[[ Data for analysis, beginning ]]

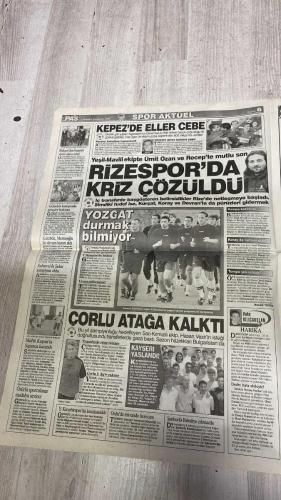PAS SPOR GAZETESİ - 03 TEMMUZ 2002 - ORTEGA'YA HAKARET - WASHIGOL CAN SIKIYOR - SON SÖZ NİHAT'IN - RÜŞTÜ: SIRA F.BAHÇE'DE - OYUNCULARA 3 GÜN TEST - TOP LORANT'TA - KANARYA SAKATA GELDİ - UNUTKAN FENER - SERHAT'IN HEYECANI - GENÇLERE MESAİ - KEPEZ'DE ELLER CEBE - BAKAN'DAN BAŞARILI SPORCULARA ÖDÜL - GÜLŞEHİR KAMPINDA GENÇLER BULUŞTU - KARABÜK MEMİŞOĞLU İLE DEVAM KARARI ALDI - SULUOVA'DA ŞEKER ŞAMPİYON OLDU - MÜFTÜ KUPASI'NI SAPANCA KAZANDI - ÖZÜRLÜ SPORCULARIN MADALYA SEVİNCİ - RİZESPOR'DA KRİZ ÇÖZÜLDÜ - YOZGAT DURMAK BİLMİYOR - ÇORLU ATAĞA KALKTI - KAYSERİ YAŞLANDI - ORDU'DA TEKVANDO HEYECANI - ORTEGA - NİHAT - RÜŞTÜ - M.DOĞAN - LORANT - REVIVO - HAKAN BAYRAKTAR - OĞUZ ÇETİN - NURETTİN YILDIR - SERHAT - İLHAN MANSIZ - İNAL ÖGER - MEMİŞOĞLU - MEHMET CİNALİ - ENDER BAY - UĞUR CİNALİ - SABRİ ÇAKMANOZ - ÜMİT OZAN - RECEP - KÜRŞAT - KORAY - DEVRAN - UĞUR TÜTÜNEKER - HASAN VEZİR - ŞENER - EMİN - TURGUT - HÜSEYİN ÇOBAN - KÜRŞAD KODAZ - TAMER - ARİF - GAZİ - FİKRET - METİN DİYADİN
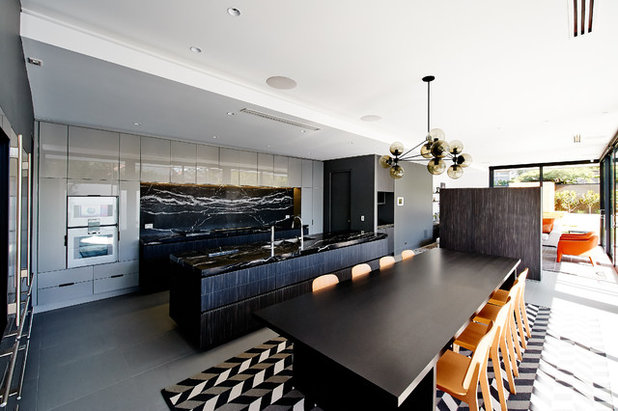 Contemporary Kitchen by In2 Pty Ltd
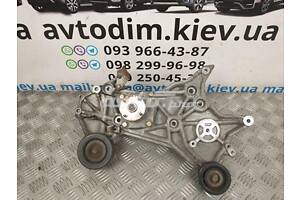 Кронштейн вискомуфты MD364879 Mitsubishi Pajero Wagon 3 1999-2006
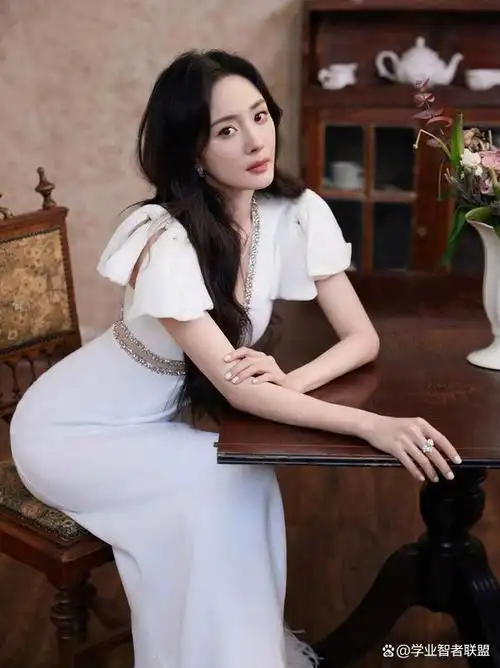 杨幂:37岁的绝世性感,大幂幂的真我风采!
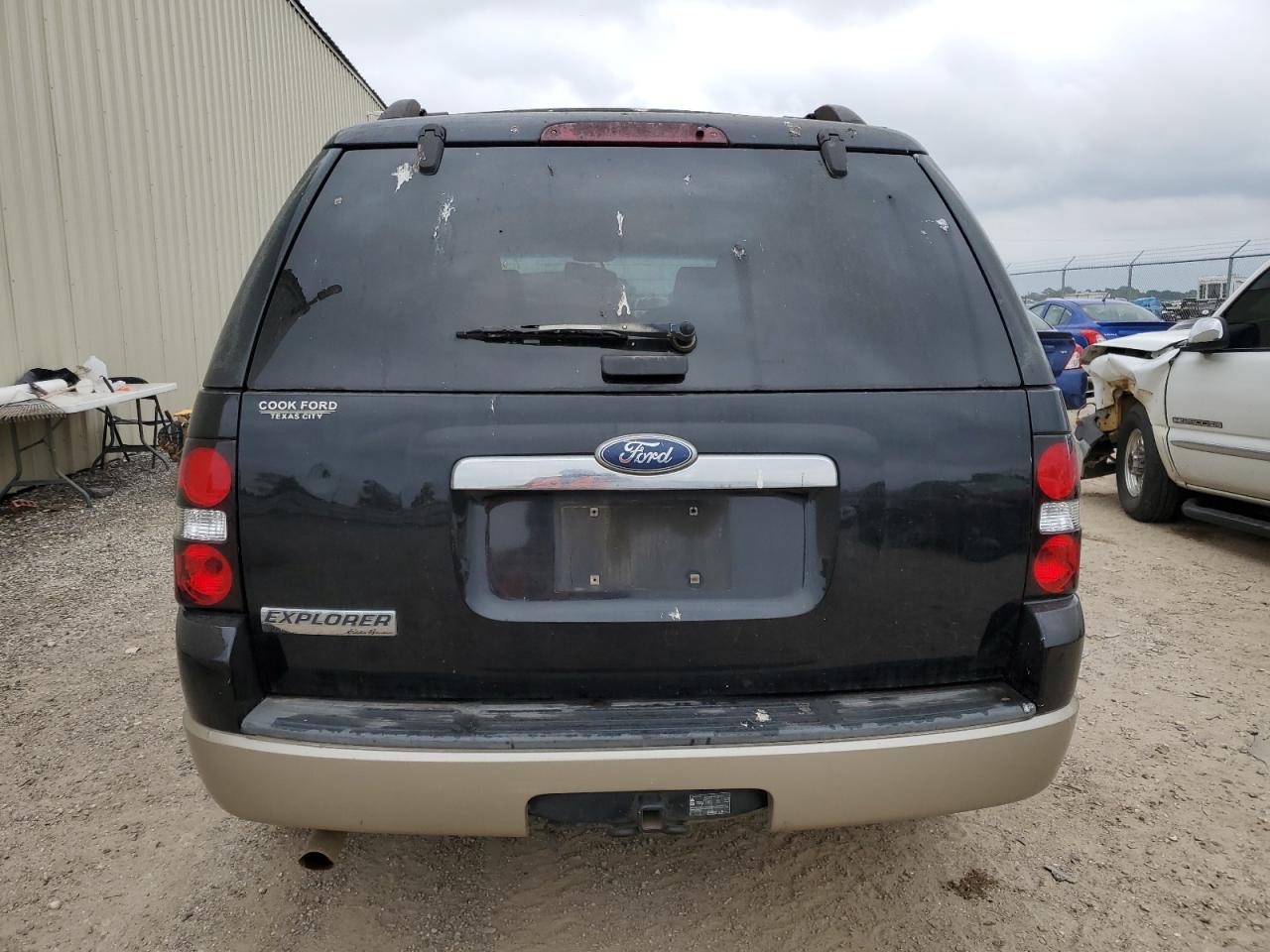 1FMEU64E58UA84643 2008 Ford Explorer Eddie Bauer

[[ Data for analysis, end ]]

■ Required work
All lines above between the line that contains "Кронштейн вискомуфты MD364879" and the last line of the entries, both included, must be transcribed exactly. No pictures are to appear.

■ Response area
 Кронштейн вискомуфты MD364879 Mitsubishi Pajero Wagon 3 1999-2006
 杨幂:37岁的绝世性感,大幂幂的真我风采!
 1FMEU64E58UA84643 2008 Ford Explorer Eddie Bauer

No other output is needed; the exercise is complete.